Co-Op Program Targets Children with Asthma

The two Wilmington University Allied Health graduates are talking about their experience in a cooperative education program with the American Lung Association, arranged through the University’s College of Health Professions.

Amy Lovenguth calls it “the best decision I made to help further my education.” Valeri Holbert says, “It really helped me work on my communications skills and refine how I talk with individuals.”

The two Wilmington University Allied Health graduates are talking about their experience in a cooperative education program with the American Lung Association, arranged through the University’s College of Health Professions.

For both the working mothers, their co-op work focused on asthma. The most common chronic condition among children under the age of 18, asthma affects 6.3 million and is the leading cause of missed school days among students ages 5 to 17.

Lovenguth, who lives in Ridley Park, Pennsylvania, graduated summa cum laude in May and was the recipient of the Trustees’ Award for Scholarship in Health Professions. Her co-op lasted 14 weeks, during which she put in 14–21 hours a week in what she calls “a very flexible schedule” that accommodated her job as a respiratory therapist at Symbria Rehab and COPD Educator at the United Methodist Communities in Collingswood, New Jersey.

Trained as an educator for the Open Airways program, Lovenguth had a variety of duties during the co-op. She taught asthma education to children with asthma at Warner Elementary School in Wilmington, created an Asthma Education program for school nurses in Delaware, and spoke to a Wilmington HIV support group about asthma and smoking. “Also,” she says, “I made fact-sheets on allergic asthma and E-cigarettes for parents that would be handed out at summer asthma camp.” Lovenguth worked with school nurse and Site Supervisor Fran Russo-Avena, who is a graduate of WilmU’s nursing program.

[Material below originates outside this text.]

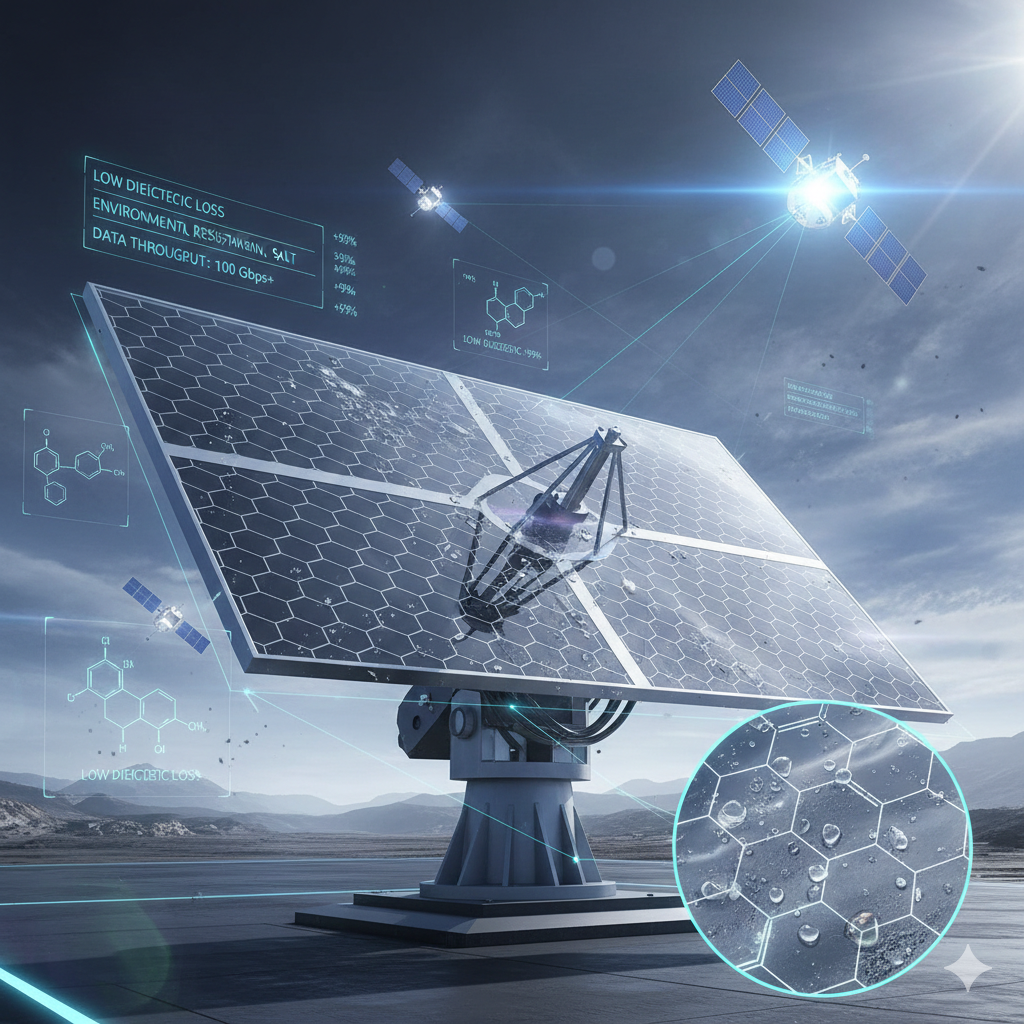 우주 저궤도 위성과 통신하는 지상국 안테나 인프라 및 상아프론테크의 ETFE 보호필름 기술력을 보여주는 첨단 우주 소재 인포그래픽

Holbert, who lives in Newark, Delaware, is currently a Work Study intern with the Transitional Assistance Team helping coordinate spinal cord injury veterans at the Veterans Administration Medical Center in Wilmington. She had duties similar to Lovenguth’s during two 15-week co-ops. Besides serving as an asthma education facilitator at Warner, she represented the ALA at several asthma and lung-fassociated outreach events.

“I loved going to the outreach events,” says Holbert. “It really helped me work on my communications skills and refine how I talk with individuals.”

She completed her undergraduate work in the fall of 2017, then continued in the master’s program. She expects to complete her MSM in December.

Like Lovenguth, she found her classroom work especially meaningful. “As the Asthma Education facilitator, I recognized that the students understood the information we talked about and started to utilize the knowledge to better control their asthma,” says Holbert. “It is amazing when you truly grab someone’s interest and help them see how small changes to their lifestyle could dramatically improve their overall health.”

Both WilmU alums worked through Nicole Goldsboro, national manager, Lung Health Education. “I was program specialist when I worked with Valeri and Amy, and it was a great pleasure,” says Goldsborough. “Both of them went above and beyond to deliver the ALA’s Open Airways for Schools Program, and the students had a great time participating.”